# Lucid Dreaming > Attaining Lucidity > Dream Signs and Recall >  >  Unknown names of people in my dreams... thoughts?

## orionvega

In the last 4 months I have had some very vivid dreams. Apon waking, during two of these vivid dream occurences I've recalled 2 names of people that I have never met nor have ever heard of before in my life. Somehow I know they exsist or have exsisted. So I googled them. 

Georgia Means
Ida Abrams

Strange.... Ida came up a few times but Georgia had one legitimate entry on a family tree.

Any thoughts about these occurences? Apon waking I was very adamant about remembering and repeating these names....

----------


## Burns

Do either of those names mean anything to you? If not, you may have heard them sometime during the day and incorporated them into your dream. Maybe you will learn the meaning of these names in the future since you were so intent on remembering them after waking up. Or maybe it was just one of those freak dream things that happen for no apparent reason. I've had dreams with people I don't know, and a couple of names I didn't recognize. Sorry I can't give you a satisfactory answer, but since no one has answered you yet, I felt obligated to throw you something! Good luck.   :smiley:

----------


## orionvega

Neither of the names mean anything to me, really. I'm sure I could come up with something if I really stretched it. Apon waking, I KNEW these names were somehow significant and that I should remember them, not just as names but as they really exist. In this particular dream, I myself, was a convict in prison. A large long haired, and greying man, a pirate type. It was one of the first occurences where I was actually able to document my appearance in such detail. In "real life" I am not a pirate type, nor even a man. In the dream, as this convict, I knew Georgia Means. 
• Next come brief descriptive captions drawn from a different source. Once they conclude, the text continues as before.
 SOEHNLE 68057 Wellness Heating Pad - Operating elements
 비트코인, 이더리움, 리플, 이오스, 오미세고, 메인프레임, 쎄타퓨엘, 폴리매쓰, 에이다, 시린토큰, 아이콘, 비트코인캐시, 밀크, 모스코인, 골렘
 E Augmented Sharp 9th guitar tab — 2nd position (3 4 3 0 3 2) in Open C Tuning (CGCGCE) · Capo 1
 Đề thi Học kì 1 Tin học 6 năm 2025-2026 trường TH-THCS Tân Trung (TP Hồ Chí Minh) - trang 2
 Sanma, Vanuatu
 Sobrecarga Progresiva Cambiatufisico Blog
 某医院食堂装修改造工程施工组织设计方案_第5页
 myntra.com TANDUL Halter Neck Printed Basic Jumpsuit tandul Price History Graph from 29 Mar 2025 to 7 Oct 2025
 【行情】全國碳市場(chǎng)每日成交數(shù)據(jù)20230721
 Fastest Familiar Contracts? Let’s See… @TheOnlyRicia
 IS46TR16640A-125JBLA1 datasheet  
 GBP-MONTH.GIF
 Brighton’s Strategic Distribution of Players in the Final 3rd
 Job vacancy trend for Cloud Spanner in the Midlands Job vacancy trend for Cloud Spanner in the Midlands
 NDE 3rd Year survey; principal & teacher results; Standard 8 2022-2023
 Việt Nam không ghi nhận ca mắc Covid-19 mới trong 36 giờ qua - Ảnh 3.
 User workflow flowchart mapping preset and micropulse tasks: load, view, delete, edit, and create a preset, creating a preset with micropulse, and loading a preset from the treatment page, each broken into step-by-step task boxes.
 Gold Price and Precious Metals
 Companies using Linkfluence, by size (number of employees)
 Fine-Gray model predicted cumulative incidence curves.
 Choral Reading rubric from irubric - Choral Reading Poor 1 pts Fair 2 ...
   It's very strange to me, but has had some huge significance in my dream life, I don't think I'll ever forget it.

Thanks for the reply....

----------


## Ubik

I had quite a strange dream where the film director Richard Linklater told me to check out a new band he'd heard. They were called 'The New People' he told me I'd really like them. weird   ::shock::

----------


## orionvega

The New People was a very very short lived ABC television series which aired from September 22, 1969 to January 12, 1970 and almost nobody remembers. The New People was an Aaron Spelling production about a *band* of young college students who, on their way home from a goodwill tour to South East Asia, crashed on a deserted South Pacific island named Bomao.


weird...

----------